• Imprinting our Landscape: Janet Cardiff’s Her Long Black Hair – By Emily Lodish

    Date posted: June 25, 2006 Author: jolanta
    I walk away from the kiosk on the park side of 59th and Sixth Avenue and toward the Central Park benches, as directed.

    Imprinting our Landscape: Janet Cardiff’s Her Long Black Hair

    By Emily Lodish

    Follow the enigmatic, dark-haired guide through Central Park, in Cardiff's latest audio tour. Photo Courtesy of the Public Art Fund

    Follow the enigmatic, dark-haired guide through Central Park, in Cardiff’s latest audio tour. Photo Courtesy of the Public Art Fund

    I walk away from the kiosk on the park side of 59th and Sixth Avenue and toward the Central Park benches, as directed. From the moment I switch on the headset, I wonder if I haven’t picked the worst day of July to experience Janet Cardiff’s latest audio walk, Her Long Black Hair. It is an exceptionally sunny day, and I am listening to the sound of a heavy downpour. The sky is too clear to imagine the presence of a rain cloud. The cacophony of the crowd and the traffic on Central Park South is so loud I have to strain to hear the recording. I fumble through the materials to hold up one of several photographs Cardiff has supplied. A small child to my left gives me a look I find humorous, and slightly embarrassing. I fear this experience isn’t going to work on me.

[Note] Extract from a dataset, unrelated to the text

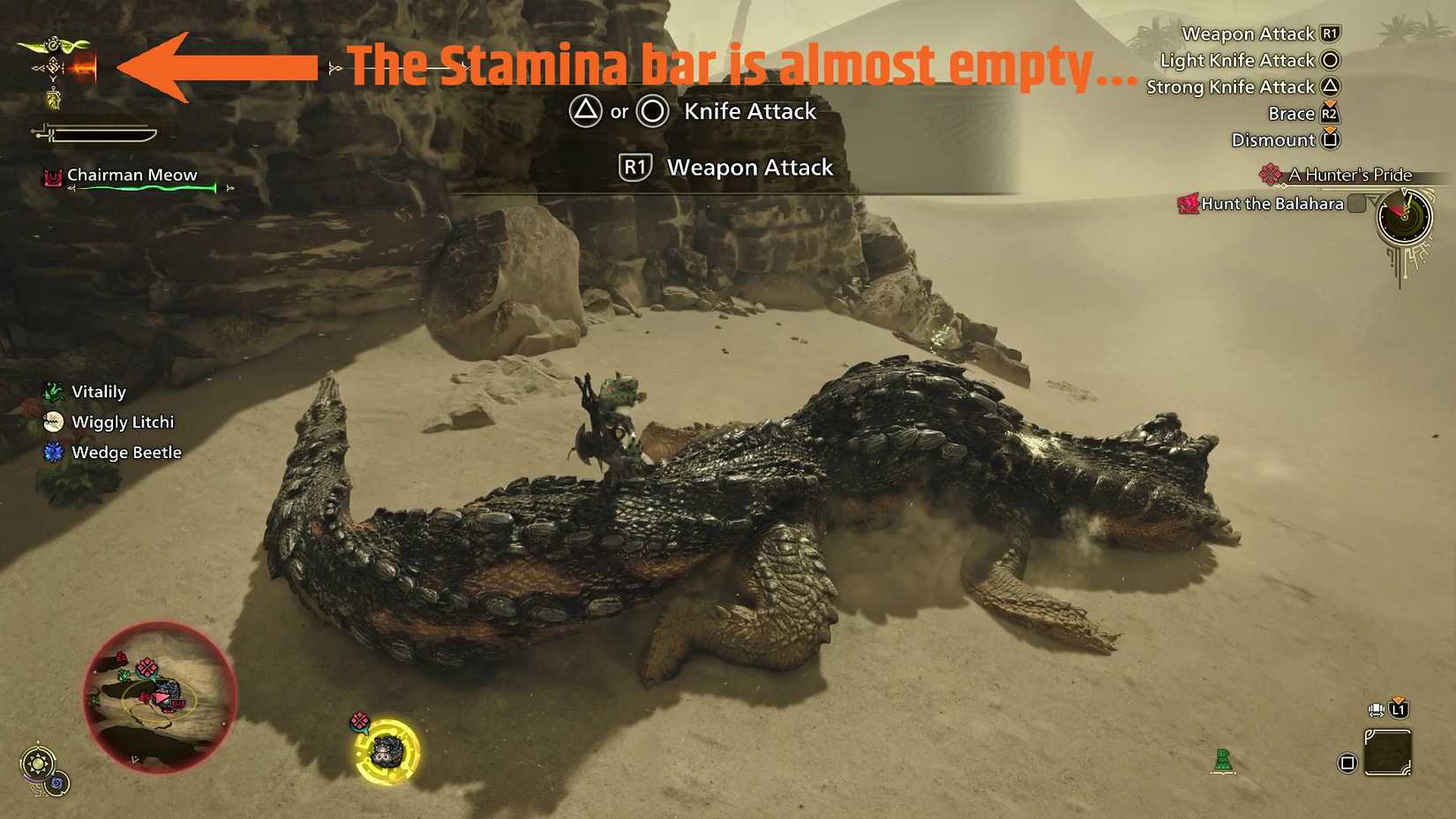 monster-hunter-wilds-mounted-stamina-bar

    I hear a siren, but there is no ambulance in sight. I realize the sound has originated from my headset, not my surroundings. The discord is Cardiff’s creation. The challenge is clear; I begin to walk.

    "One step after another," Cardiff instructs, her own footsteps sounding, "one foot moving into the future and one in the past. Did you ever think about that? Our bodies are caught in the middle. The hard part is staying in the present. Really being there."

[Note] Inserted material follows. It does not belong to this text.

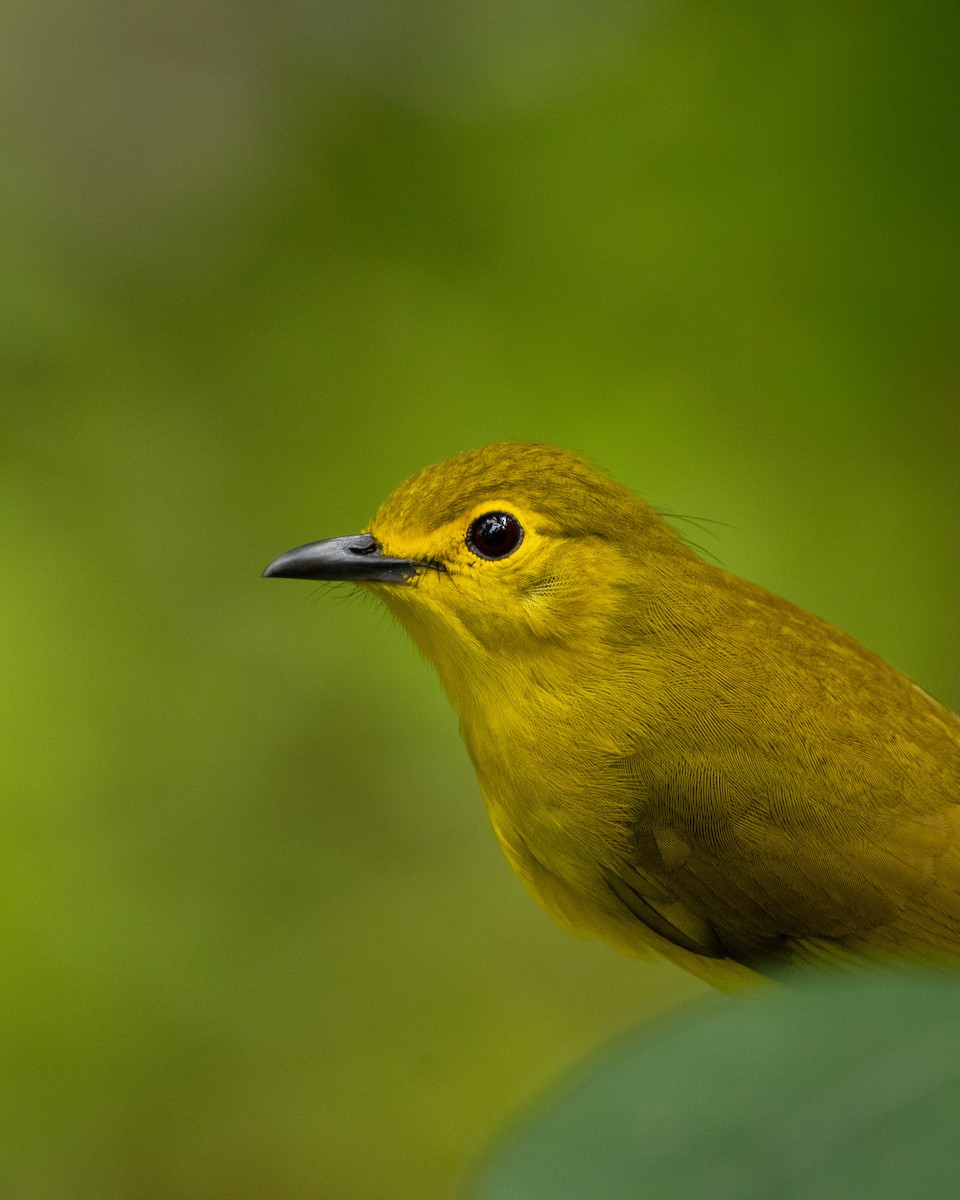 Yellow-browed Bulbul - ML644314227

    Removing the comfort of a gallery, Cardiff reintroduces listeners to the life, chaos, and distractions of a public landscape familiar to many New Yorkers, Central Park. Using a headphone set–a device usually used to isolate oneself from one’s surroundings–Cardiff splices together various narratives, music, noise, historical facts, and literary allusions to create an all-consuming auditory world where she is the director, curator and guide.

    The relationship between Cardiff’s script and the spontaneous landscape is in a state of constant flux, the worlds converse with one another, and jar. The unpredictability of circumstances–the couple kissing before me will not be there tomorrow–necessarily makes each journey personal and unique.

    "I have a nonlinear-thinking mind," Cardiff told the New York Times earlier this year. She sees the world as consisting of disparate elements constantly swirling in and around one another–sensory and memory, fact and fiction. On the recording she echoes herself, "There are always so many layers in front of my eyes. How can I really know what I’ve seen?"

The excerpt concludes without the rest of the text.